__2017-12-11 如一模式识别研究

如一模式识别研究

基本数学知识>>遗传算法求解旅行商(TSP)问题

1. TSP问题概述

TSP问题即旅行商问题,是数学领域的著名问题之一。假设有一个旅行商人要拜访n个城市,他必须选择所要走的路径,路径的限制是每个城市只能拜访一次,而且最后要回到原来出发的城市。路径的选择目标是要使求得的路径路程为所有路径之中的最小值。

2. 基于遗传算法的TSP问题求解

(1)基因编码

针对TSP问题,编码规则通常采用实数(n进制)编码,即每个染色体仅从1到n的整数里面取一个值,每个个体的长度为n,n为城市总数。即用一串基因编码表示遍历的城市顺序,如:(2 3 4 5 1 7 9 8 6),表示九个城市中,先经过城市2,再经过城市3,以此类推。

(2)交叉算子设计

采用部分匹配交叉(PMX)法:先随机产生两个交叉点,定义这两点间的区域为匹配区域,并交换两个父代的匹配区域。

父代A:872|130|9546

父代B:983|567|1420

TEMP A:872|567|9546

TEMP B:983|130|1420

对于TEMP A、TEMP B中匹配区域以外出现的数码重复,要依据匹配区域内的位置逐一进行替换。匹配关系:1<------>5 3<----->6 7<---->0

子代A:802|567|9143

子代B:986|130|5427

(3)变异算子设计

对于TSP问题,一般采用倒位变异法,即首先在父体中随机选择两截断点,然后将该两点所夹的子串中的城市进行反序。

例如;

设原个体:(1 2 3 4 5 6 7 8 9)

随机选择两点:(1 2|3 4 5 6| 7 8 9)

倒位后的个体:(1 2 |6 5 4 3|7 8 9)

(4)适应度函数

TSP问题的目标是路径总长度为最短,可以用常数L除以某个体的路径总长度作为该个体的是适应度函数。

3 . 算法步骤

Step1:参数设置及种群初始化;

Step2;适应度评价;

Step3:轮盘赌选择;

Step4:部分匹配交叉;

Step5:倒位变异;

Step6:适应度评价;

Step7:终止条件判断,若未达到终止条件,则转到step3;

Step8:输出结果。

4.实现代码

[javascript] view plaincopyprint?

%功能:基于遗传算法的TSP问题求解

function GA_for_TSP

clc;clear all;close all;

%初始化数据

city_num=30;

[city_distance,city_coordinate]=tsp_info(city_num);%距离矩阵和城市坐标

pop=100;ger=800;pc=0.8;pm=0.2;history_best=inf;

for i=1:pop

individual(i,:)=randperm(city_num);%产生1~30之间的随机排列数

end

[fitness,f]=evaluate_fitness(individual,city_distance);

it=1;

while it<=ger

disp(it)

new_individual=select(fitness,individual);%轮盘赌

new_individual=cross(new_individual,pc);

new_individual=mutation(new_individual,pm);

[fitness,f]=evaluate_fitness(new_individual,city_distance);

%取出最佳适应度的个体

[best_fitness,best_index]=max(fitness);

[worst_fitness,worst_index]=min(fitness);

best_f=f(best_index);

best_individual=new_individual(best_index,:);

new_individual(worst_index,:)=best_individual;

plot_dsp(city_coordinate,best_individual,best_f,it);

individual=new_individual;

if best_f

history_best=best_f;

history_best_individual=best_individual;

best_individual_last(it,:)=best_f;%???

else

best_individual_last(it,:)=history_best;

end

it=it+1;

end

disp(sprintf('最短路径:%2.5f',history_best))

disp('路径方案:')

disp(sprintf('%4d',history_best_individual));

%给每个城市标号

for i=1:size(city_coordinate,1)

text(city_coordinate(i,1),city_coordinate(i,2),num2str(i));

end

figure(2)

plot(best_individual_last,'r');hold on;

title('搜索过程');

legend('最优路径长度');

gtext(['(' num2str(it-1) ',' num2str(history_best) ')']);

%end

%******************Data子程序tsp_info***************************

function [city_distance,city_coordinate]=tsp_info(city_num)

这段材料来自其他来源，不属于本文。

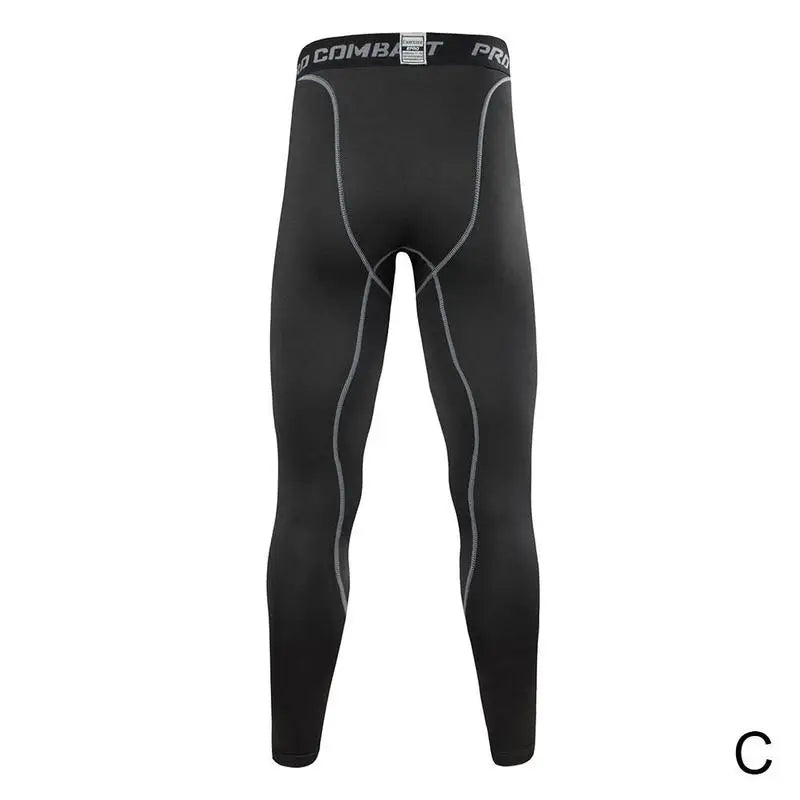 Men Compression Tight Leggings Running Sports Male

%fid=fopen('city_coordinate.txt','r');

%city_coordinate=fscanf(fid,'%d',[50,2]);

%fclose(fid);

city_coordinate=[41,94;37,84;54,67;25,62;7,64;2,99;68,58;71,44;54,62;83,69;64,60;18,54;22,60;

83,46;91,38;25,38;24,42;58,69;71,71;74,78;87,76;18,40;13,40;82,7;62,32;58,35;45,21;41,26;44,35;4,50];

for i=1:city_num

for j=1:city_num

city_distance(i,j)=sqrt((city_coordinate(i,1)-city_coordinate(j,1))^2+(city_coordinate(i,2)-city_coordinate(j,2))^2);

end

end

%********************The end of tsp_info*****************

%********************适应度-->evaluate_fitness*************************

function [fitness,f]=evaluate_fitness(individual,city_distance)

[M,N]=size(individual);

for i=1:M

temp=0;

for j=1:N-1

temp=temp+city_distance(individual(i,j),individual(i,j+1));

end

f(i)=temp+city_distance(individual(i,N),individual(i,1));

fitness(i)=1000/f(i);

end

%*********************************the end*************************************

%*************************轮盘赌-->selcet***********************************

function new_individual=select(fitness,individual)

[m,n]=size(fitness');

for i=1:m

fit(i)=fitness(i)^20;

end

%fit=fitness.^20;

for i=1:m

sp(i)=fit(i)/sum(fit);

end

for i=2:m

sp(i)=sp(i-1)+sp(i);

end

for i=1:m

p=rand(1);

j=1;

while(p>sp(j))%找到sp(j)大于p的 j 值

j=j+1;

end

new_individual(i,:)=individual(j,:);

end

%***************************The End***********************************

%**************************交叉子程序*****************************

%功能:片段交叉

function new_individual=cross(new_individual,pc)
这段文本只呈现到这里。